On the funds required for building 20,000 toilet blocks, each with separate toilets for girls and boys, he adds that a Swachh Bharat Kosh has already been set up and PSUs are putting in Rs 1,000 crore into it. “And the cess proposed in the new Budget for Swachh Bharat will also bring in money. So funds are there; if money is not there Rotary will put in the money.” Recently in Pune, industrialist Rahul Bajaj, in a discussion with Rotarians said he is contemplating giving Rs 3 crore to Rotary, and he wants some of this money to be spent in Sikar district in Rajasthan where he was born.
Asked if it was Rotary’s integrity and thoroughness in doing a project, that made the GoI so keen to partner with Rotary, Gupta said the GoI’s experience of working with Rotary “for polio eradication was a milestone. The Government understands that when Rotary says something … promises something, they will deliver.”
Gupta says a few days earlier, Sanjay Singh, a former Rotary group exchange beneficiary, who now works as a senior executive with the Tata Group in Delhi, had said he looked upon Rotary “as a social organisation but with the power of a Government!”
Water activism
Gupta is passionate about water conservation and his experience in water activism goes back two decades when he was the vice chairman of the Himalayan Environmental Trust and chairman of the Gangotri Conservation Project. “My personal experience with water when we came to Delhi from Amritsar soon after the Partition, was that something which was available 24 hours and would come automatically up to the third or fourth floor without any electrical pump pressure, has become such a scarce commodity today. And Delhi is on the bank of the Yamuna which is a perennial water source.”

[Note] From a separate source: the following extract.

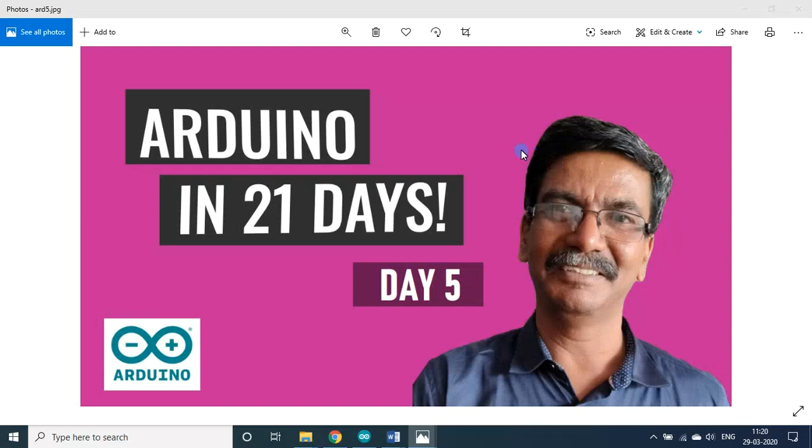Hello students and friends. Welcome back to my session on Arduino in 21 days. We are in day 5.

The Government understands that when Rotary says something … promises something, they will deliver.
Deeply pained that in the last 60 years “severe degradation has taken place in both, quality and quantity of water,” he says this has happened because we’ve not managed our water resources well. People need to be educated on this aspect of water management and Rotary is doing just that through this and other projects.

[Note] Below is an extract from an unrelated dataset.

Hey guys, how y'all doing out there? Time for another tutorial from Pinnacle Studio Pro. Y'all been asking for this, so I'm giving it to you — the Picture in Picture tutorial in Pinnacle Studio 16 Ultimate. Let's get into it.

He agrees that some schools might face a challenge in ensuring water supply in the toilets that are built, but that would be a small percentage, and these “are not insurmountable problems.”

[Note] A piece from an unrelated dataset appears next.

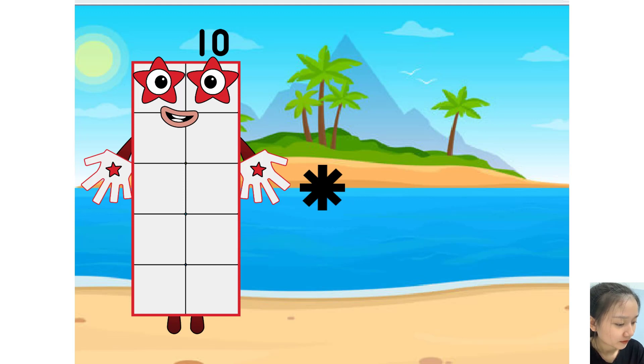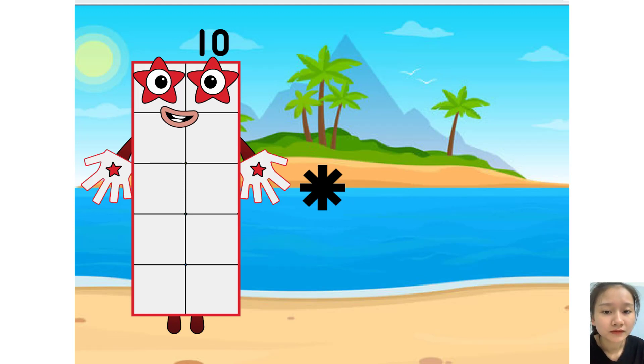Hello, I'm Ten. Today we will learn counting and multiplication. Ok, let's start.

Capacity-building important
On the lessons he has learnt from his 20 years in water activism, the WinS Chair says, “One major lesson I learnt from my stints in the Himalayan and Gangotri projects was that capacity-building is very important. Any NGO — Rotary or otherwise — is not going to be there for all time to come. So you have to create a capacity. That is where we failed to some extent in those experiments.”
In WinS too, Rotary was not going to be involved in toilet building or school maintenance for all time to come. “You need to create capacity and capability so other people can take over and you can move on. Rotary can’t work in the same school after 10 years. So you have to create sustainable models that the society or community can carry on without you. That’s a very important lesson I’ve learnt.
Any NGO like Rotary is not going to be there for all time to come. So you have to create capacity and move on.
Meanwhile, this water activist’s thirst for helping or mentoring water projects remains unquenched.
Even before we begin the WinS interview, he tells me about his latest involvement … with water of course! In Vidharba and Marathwada regions where water scarcity has caused farmer suicides, “some Rotarians are talking about helping/reviving a river system … it is a very small river, not like the Ganga … which has been adversely affected because of forest degradation. This had happened with the check dams too in Rajasthan that you visited. We will work on this project too … let us see what can be done,” he smiles.